Last night was the first time since I was appointed that all of our scheduled 15-minute appointments showed up for a hearing. It's not surprising that a waiting list exists during planting season for these spots. But, it is a mystery why only one -- or none -- of the four appointments generally shows. Last night was different. Everyone was there, even a man without an appointment who wanted to be "in the room" when his application came up for review, in case we had questions. That was a smart man. His request for solar panel installation flew through like a Greased Pig because he was there to clarify a matter that promised to block approval otherwise.



The first of our four appointments was a man in a baseball cap. The two ears sticking out under the cap closely resembled Yoda Cat's bottom two ears, only bigger. He didn't seem to understand the nature of his opportunity to present his issue. I listened and listened. I could not determine what problem we were trying to solve. It became increasingly difficult to listen and comprehend when his presentation consisted of attacking the Highlands Ranch staff personnel in the room and pointing at each of the Committee members and making assertions about their state of mind based upon the "vibe" he was feeling from them. He didn't know my name, my background, or why I was in the room. But, he was 100% certain that I was "unfriendly" Etc. Etc. Etc. I don't even remember a time when I have been called "unfriendly."



Ultimately, long after he had left the room with a parting declaration that "you're all a bunch of Nazis," we voted 3-2 to approve his exception request. My vote FOR him was the tie-breaker. Not that he would care or appreciate it. There's a part of me that wonders if he will even take "yes" for an answer, since it came from a bunch of 'petty bureaucrats.' But, I assure you that he didn't win the vote because of his vast persuasion skills. He asked a lot of questions and refused to listen to the answers. He asked a lot of questions that I think -- in retrospect -- he only intended as rhetorical. That is, not considering the possibility that a real answer would be forthcoming. An answer that he might really need to ponder. An answer that would change his own opinion about his own request. He just wanted what he wanted.
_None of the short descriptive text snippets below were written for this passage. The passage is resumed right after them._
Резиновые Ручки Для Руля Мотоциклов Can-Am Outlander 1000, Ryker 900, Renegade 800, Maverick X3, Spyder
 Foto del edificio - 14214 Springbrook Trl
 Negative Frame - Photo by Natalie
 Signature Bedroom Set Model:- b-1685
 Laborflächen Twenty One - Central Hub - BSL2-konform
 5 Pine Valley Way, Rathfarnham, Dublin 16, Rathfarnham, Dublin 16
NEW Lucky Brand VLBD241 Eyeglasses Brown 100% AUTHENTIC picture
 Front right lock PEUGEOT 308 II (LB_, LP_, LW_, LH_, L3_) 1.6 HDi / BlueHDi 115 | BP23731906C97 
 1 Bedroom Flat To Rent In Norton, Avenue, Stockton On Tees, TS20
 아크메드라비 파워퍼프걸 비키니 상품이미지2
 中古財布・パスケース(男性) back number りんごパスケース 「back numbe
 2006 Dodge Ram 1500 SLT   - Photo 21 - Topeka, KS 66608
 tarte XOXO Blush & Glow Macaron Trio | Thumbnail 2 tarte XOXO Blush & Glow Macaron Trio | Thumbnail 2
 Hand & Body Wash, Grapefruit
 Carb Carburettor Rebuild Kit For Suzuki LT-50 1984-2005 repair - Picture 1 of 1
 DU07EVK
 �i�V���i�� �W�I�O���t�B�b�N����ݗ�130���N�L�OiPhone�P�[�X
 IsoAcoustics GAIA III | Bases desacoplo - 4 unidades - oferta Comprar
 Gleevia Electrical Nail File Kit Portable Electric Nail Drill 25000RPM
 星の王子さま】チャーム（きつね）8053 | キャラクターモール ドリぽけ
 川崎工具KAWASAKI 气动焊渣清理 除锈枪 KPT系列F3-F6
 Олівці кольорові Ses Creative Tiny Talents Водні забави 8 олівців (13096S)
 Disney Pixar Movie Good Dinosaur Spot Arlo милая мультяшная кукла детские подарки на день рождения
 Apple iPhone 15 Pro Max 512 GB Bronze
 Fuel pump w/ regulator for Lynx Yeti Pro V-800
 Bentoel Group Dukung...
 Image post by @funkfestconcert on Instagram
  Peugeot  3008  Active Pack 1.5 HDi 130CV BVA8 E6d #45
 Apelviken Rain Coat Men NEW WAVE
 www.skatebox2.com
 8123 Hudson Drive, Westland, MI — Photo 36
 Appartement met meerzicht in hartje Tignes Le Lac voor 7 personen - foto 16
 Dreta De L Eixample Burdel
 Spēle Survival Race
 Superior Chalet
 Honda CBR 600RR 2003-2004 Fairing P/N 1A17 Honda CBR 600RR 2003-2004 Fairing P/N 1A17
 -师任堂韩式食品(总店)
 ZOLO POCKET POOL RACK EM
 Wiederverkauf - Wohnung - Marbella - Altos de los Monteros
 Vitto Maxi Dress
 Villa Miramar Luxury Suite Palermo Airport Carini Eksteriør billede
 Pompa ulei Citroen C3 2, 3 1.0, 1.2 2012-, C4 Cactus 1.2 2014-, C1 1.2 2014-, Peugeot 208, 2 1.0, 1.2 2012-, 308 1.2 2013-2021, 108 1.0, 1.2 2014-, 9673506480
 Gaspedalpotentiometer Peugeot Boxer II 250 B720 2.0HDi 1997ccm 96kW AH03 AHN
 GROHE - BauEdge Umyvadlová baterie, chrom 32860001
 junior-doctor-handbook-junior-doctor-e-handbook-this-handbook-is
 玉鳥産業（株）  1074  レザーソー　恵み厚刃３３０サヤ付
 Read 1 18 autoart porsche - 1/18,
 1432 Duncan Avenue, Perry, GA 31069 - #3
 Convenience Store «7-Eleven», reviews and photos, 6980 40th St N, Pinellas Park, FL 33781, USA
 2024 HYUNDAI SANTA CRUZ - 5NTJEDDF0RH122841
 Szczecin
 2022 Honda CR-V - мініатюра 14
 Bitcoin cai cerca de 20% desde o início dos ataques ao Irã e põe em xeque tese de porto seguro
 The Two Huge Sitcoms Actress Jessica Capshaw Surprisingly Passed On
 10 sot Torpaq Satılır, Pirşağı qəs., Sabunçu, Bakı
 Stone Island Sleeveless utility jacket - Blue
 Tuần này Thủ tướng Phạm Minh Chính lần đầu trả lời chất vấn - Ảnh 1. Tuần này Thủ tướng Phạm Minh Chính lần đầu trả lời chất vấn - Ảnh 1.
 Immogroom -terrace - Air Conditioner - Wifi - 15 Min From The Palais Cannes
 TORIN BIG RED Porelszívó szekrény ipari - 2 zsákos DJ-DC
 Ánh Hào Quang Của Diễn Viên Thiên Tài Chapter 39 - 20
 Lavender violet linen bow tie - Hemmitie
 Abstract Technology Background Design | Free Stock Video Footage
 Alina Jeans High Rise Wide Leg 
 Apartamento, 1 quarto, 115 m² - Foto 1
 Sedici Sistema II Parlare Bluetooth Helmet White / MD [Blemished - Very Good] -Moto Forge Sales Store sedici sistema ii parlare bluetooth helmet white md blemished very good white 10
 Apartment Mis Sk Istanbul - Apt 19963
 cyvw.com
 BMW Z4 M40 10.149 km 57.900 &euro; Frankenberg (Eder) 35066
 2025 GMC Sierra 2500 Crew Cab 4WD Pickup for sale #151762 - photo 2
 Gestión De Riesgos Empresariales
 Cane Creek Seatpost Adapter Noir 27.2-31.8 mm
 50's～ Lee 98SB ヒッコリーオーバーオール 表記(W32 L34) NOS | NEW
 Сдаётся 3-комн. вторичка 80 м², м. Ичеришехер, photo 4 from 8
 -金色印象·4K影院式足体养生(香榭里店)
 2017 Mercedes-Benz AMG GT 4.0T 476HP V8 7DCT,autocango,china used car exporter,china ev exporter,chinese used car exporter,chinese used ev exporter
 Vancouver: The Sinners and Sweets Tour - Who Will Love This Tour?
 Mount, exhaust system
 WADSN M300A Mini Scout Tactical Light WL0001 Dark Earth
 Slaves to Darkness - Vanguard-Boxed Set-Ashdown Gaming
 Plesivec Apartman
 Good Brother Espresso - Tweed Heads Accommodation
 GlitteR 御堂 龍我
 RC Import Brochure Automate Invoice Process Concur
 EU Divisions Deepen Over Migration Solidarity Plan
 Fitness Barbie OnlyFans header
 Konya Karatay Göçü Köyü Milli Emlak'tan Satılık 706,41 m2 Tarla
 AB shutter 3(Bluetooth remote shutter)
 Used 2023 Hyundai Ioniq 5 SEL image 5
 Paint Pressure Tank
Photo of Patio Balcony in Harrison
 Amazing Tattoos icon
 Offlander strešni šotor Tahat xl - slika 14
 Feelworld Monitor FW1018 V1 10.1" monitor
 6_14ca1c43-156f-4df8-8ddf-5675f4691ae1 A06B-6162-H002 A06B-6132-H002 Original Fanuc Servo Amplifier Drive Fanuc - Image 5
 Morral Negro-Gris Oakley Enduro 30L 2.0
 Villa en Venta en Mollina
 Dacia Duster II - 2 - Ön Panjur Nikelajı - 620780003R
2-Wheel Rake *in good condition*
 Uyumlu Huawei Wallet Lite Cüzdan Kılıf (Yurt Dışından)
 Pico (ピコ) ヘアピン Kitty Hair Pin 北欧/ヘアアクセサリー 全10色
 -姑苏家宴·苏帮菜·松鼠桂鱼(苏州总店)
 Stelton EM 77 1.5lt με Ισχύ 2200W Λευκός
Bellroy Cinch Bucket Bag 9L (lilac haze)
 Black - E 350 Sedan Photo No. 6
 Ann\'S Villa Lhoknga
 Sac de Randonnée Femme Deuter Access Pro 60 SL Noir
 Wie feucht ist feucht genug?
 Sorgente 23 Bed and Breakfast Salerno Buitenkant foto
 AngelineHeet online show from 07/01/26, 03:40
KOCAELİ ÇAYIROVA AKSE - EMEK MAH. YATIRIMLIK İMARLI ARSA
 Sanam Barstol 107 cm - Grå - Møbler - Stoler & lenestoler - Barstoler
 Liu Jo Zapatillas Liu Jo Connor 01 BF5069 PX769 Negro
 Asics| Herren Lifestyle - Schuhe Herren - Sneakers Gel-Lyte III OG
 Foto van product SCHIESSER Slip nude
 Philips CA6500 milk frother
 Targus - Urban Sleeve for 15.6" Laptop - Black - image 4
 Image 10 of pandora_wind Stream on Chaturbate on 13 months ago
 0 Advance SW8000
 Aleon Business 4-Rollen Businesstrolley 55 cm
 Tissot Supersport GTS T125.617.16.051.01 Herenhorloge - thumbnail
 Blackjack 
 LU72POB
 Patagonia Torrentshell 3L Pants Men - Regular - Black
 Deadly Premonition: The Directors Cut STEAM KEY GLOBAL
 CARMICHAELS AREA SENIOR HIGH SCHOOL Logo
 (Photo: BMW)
The Committee needed about an hour of debate and consideration by five adults and two advisors to work through the matter of a two-foot encroachment of concrete in one of the newest neighborhoods. Unfortunately, the developer's plans for that particular plat set five-foot side yard setbacks. It we break the rule for him, we risk setting future precedent that is harmful to the vast majority of well-mannered, reasonable neighbors. But, we also want him to install his landscaping for the greater good of his neighborhood and the community at large. And, it must be said that our feelings won't be hurt if we never see him again.



I sincerely hope that this man does not conduct his other personal or professional business in a similar manner. More ear devices wouldn't help him much. Like cats, it's what's going on between the ears that could make the difference. For at least 15 minutes last night, I think Samantha would have been more responsive.

2 comments:

Moomin said...

You just summed up why I gave up sitting on committees,far too many brick walls to bang one's head against! By the time I quit the last chairmanship, I was about ready for the loony bin!

Cynthia Rowe Dickerson said...

I hear you -- I've heard that from a lot of people. I am doing it for several reasons: (1) I haven't been doing any community service; (2) I am participating in long-term sustainability of a community ranked #12 in the U.S. by Money magazine as "best places to live;" (3) the people who work on the Highlands Ranch staff and fellow Committee members are great company to keep.

I miss homebuilding very much, but the skills I gained from that experience are being used in this group.

Thanks for reading -- I appreciate you!!!!